05
寒い……寒い…………身体が凍り付いていくようだ。痛い……苦しい…………誰か助けて……。
重たい瞼を持ち上げると、そこがどこだか把握するのにほんの少しだけ時間がかかった。状況を理解すると更に倦怠感に拍車が掛かる。
見上げた先は空高くまで崖が続いており、その谷間に挟まるように落ちていったようだった。そこは、暗く、孤独だった。
何故こんなことになってしまったんだろう。考えても何もかもが闇の中で、どうすることもできずにただ苦悩することが怖くて仕方がなかった。何故? それだけが脳内をめぐり支配していく。これからどうすればいい……。強く噛み締めた唇から血の味がした。
ここで死んでいくのもいいかもしれない。月詠の居ない世界など生きている価値なんて無い……。
……本当にそれでいいの?
傷だらけの身体に残っている僅かな力を振り絞ってもがいた。這いつくばり泥に顔を擦り付けながらも、確かに地に足を付け立ち上がる。
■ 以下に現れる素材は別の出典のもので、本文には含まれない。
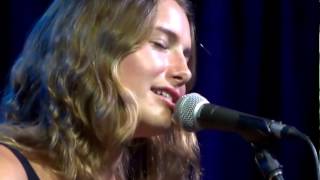 Caroline Jones - Country Girl - 92.5 The Bull (Live) chords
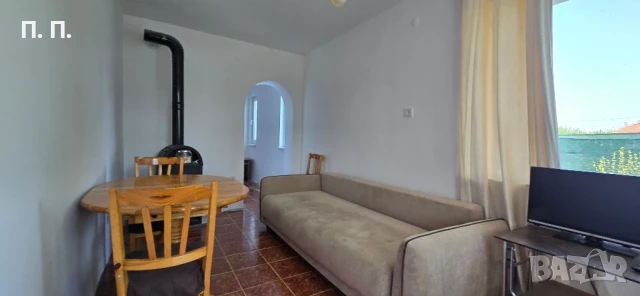 Двуетажна къща в с. Ряхово, снимка 9 - Къщи - 50801536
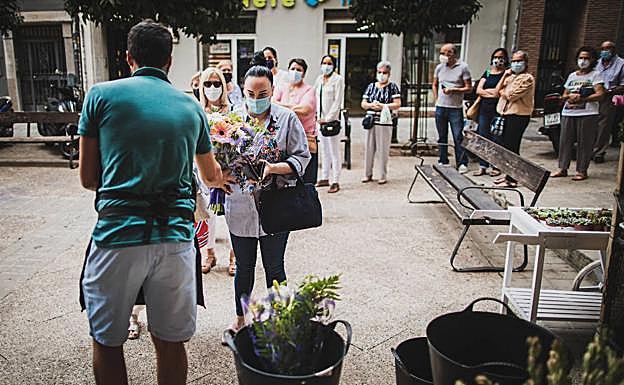 Decenas de personas formaron cola frente a la floristería que regenta Fernando Megías. 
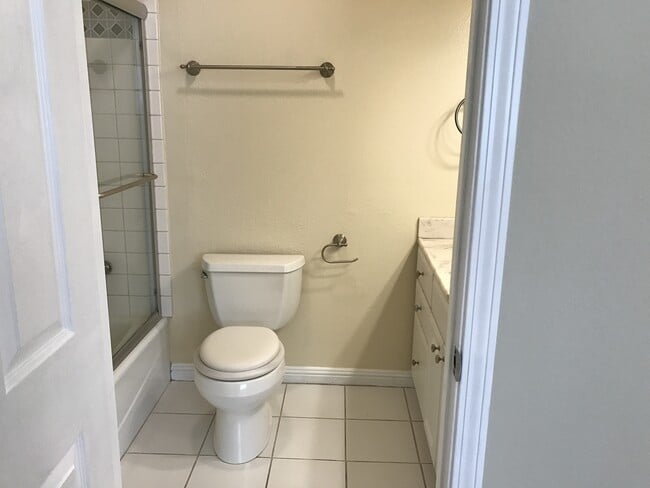 Building Photo - Beautiful 3 Bedroom 2 Bathroom West Hills Home! Great Location! Ready for Move-In!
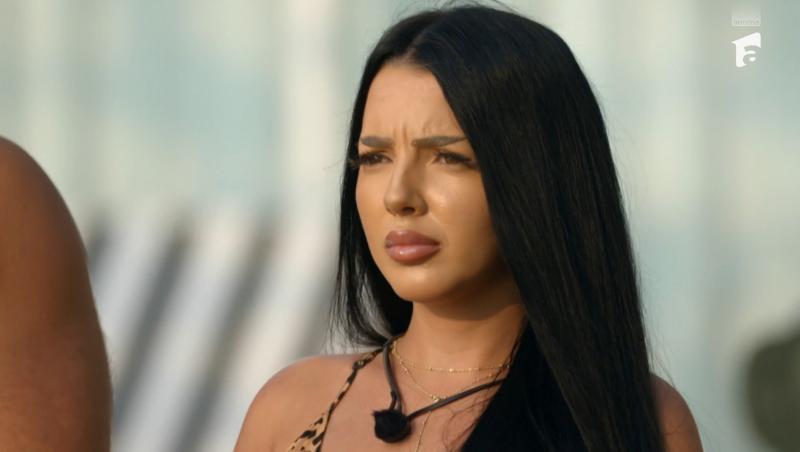 Ionela Coșa și-a făcut o schimbare la înfățișare după ce Oana Monea a criticat-o în online. Cum a reacționat ispita după retuș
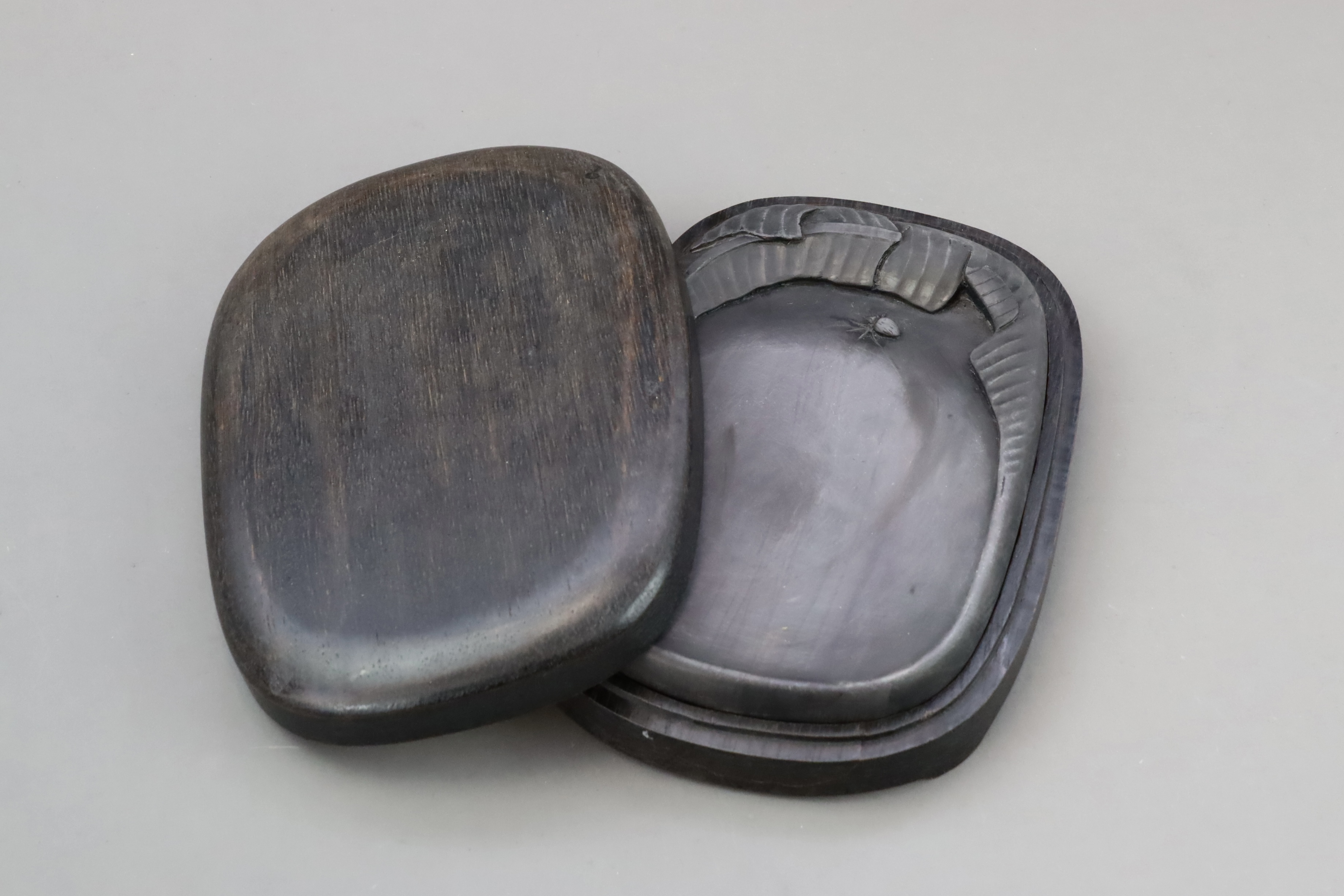 A Carved Oval Ink Stone with Hardwood Box, Qing dynasty - Image 4 of 6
絶望の中どうしてそれが可能だったか。貴方にはまだやることが残っている。そう言われた気がしたからだった。
運良くこの深い闇の中で、微かに水の流れる音がしていた。どこか上へと通じているかもしれない。歩き出した彼の瞳には炎の燃えるような熱い熱気が帯びていた。
壁伝いに音のする方へ歩を進めていく。目も慣れるくらいに歩いた先で水源を見つけた。生い茂る草木が絡まり、もつれ合い、繰り返す時の流れを超えて出来た自然の万物がそこには存在していた。幾重にも重なった蔓や枝葉が一帯を包み込み、光が隙間から覗く。小さな動物の姿も確認できた。
カラカラに乾いた喉を潤すと、緊張の糸がほぐれたようにふっと力が抜けそうになった。が、なんとか踏み止まった。倒れこむのはまだ今じゃない。自分にそう言い聞かせた。しかし身体は思うように動かなくて。自由が利かない事に気付く前にはもう深い眠りの波がやって来た。そして記憶はここで途切れた。
夢を見た気がした。そこは荒廃した世界だった。砂と塵にまみれ、命あるものは存在しない。愛、希望、悲しみ、そして苦しみ、何もかもが無に還された世界は人間の卑しさを露見させ全てを壊すのに時間はそれ程用さなかった。
人間はもろく弱いが故に、争うことをやめない。だから終わらせたんだ、そう神様が言っているようであった。